Wisconsin Governor Scott Walker Monday formally launched his campaign for the Republican nomination for President of the United States, touting his record on education as one of the key reasons he believes he is qualified to seek the nomination.
But recently, Walker and the state legislature have been in the news for putting an end to state-mandated tenure at the state’s public institutions, including the flagship University of Wisconsin at Madison.
Dr. Sara Goldrick-Rab, a professor of educational policy studies and sociology at the University of Wisconsin–Madison, has been one of the most outspoken dissenters of the policy. In an earlier interview, she clarified the idea that tenure meant anything other than job security in Wisconsin.

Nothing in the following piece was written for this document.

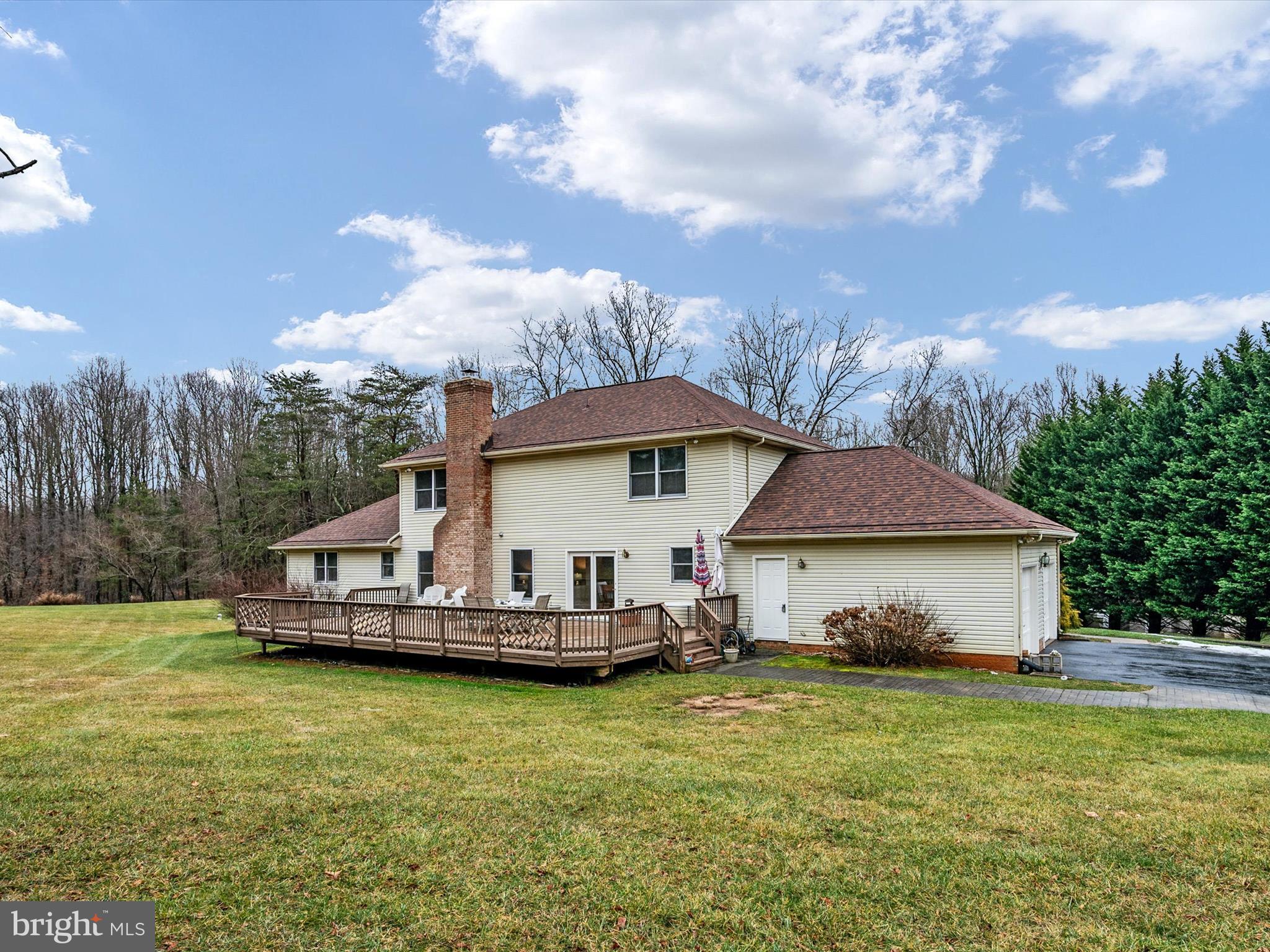 4 FOUNTAINHEAD COURT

“I have not even enjoyed any raises. We don’t have any money. Those of us that have stayed in this crazy state with all of this political stuff and really low wages, considerably, have stayed because it was different and our voices mattered,” she previously said. “And they’re taking that away.”
In the same bill, which Walker officially signed into law Sunday, Walker approved an education budget that cuts $250 million from the University of Wisconsin’s budget and cuts funding to K-12 districts across the board.

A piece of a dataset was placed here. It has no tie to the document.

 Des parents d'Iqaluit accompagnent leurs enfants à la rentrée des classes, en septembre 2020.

In a July 3 statement, UW chancellor Becky Blank said of the then-proposed budget, “I am disappointed that the budget proposal coming out of the Joint Committee on Finance does not eliminate or modify the language around faculty dismissals to align with the standards of our peer institutions and the American Association of University Professors.”
“As with any university, our reputation depends on the quality of our faculty. Unfortunately, the inclusion of this language has created negative national publicity that will hinder the ability of UW–Madison to attract and retain the best faculty and staff,” she said.
Faculty around the country took to Twitter in response to Walker’s candidacy announcement.
“Not even watching Scott Walker because I hope for what he did to Wisconsin academics, he is destroyed in the primary races,” said University of Pennsylvania Associate Professor of Religious Studies and Graduate Chair in the Department of Religious Studies Dr. Anthea Butler.
Assistant Professor of Creative Writing at Fitchberg State University in Massachussetts Dr. DeMisty Bellinger-Delfield asked, “UW-Madison and the rest of the UWs lose so much here. What’s a state school without tenure?” and later said “Scott Walker cannot be president. He cannot do to the U.S. what he has done to [Wisconsin].”
Dr. Lisa Amor Petrov, Assistant Professor of Spanish, director of the Latino & Latin American Studies Program at Dominican University, said: “No one ‘needs’ tenure, but without it there is no academic freedom to research/speak about unpopular topics/findings.”
Even UW social media intern Kevin Castro wondered how a guy who had just made significant cuts to the state’s education budget could wave a dollar bill around and ask rally attendees if they wouldn’t rather put the money into their child’s school.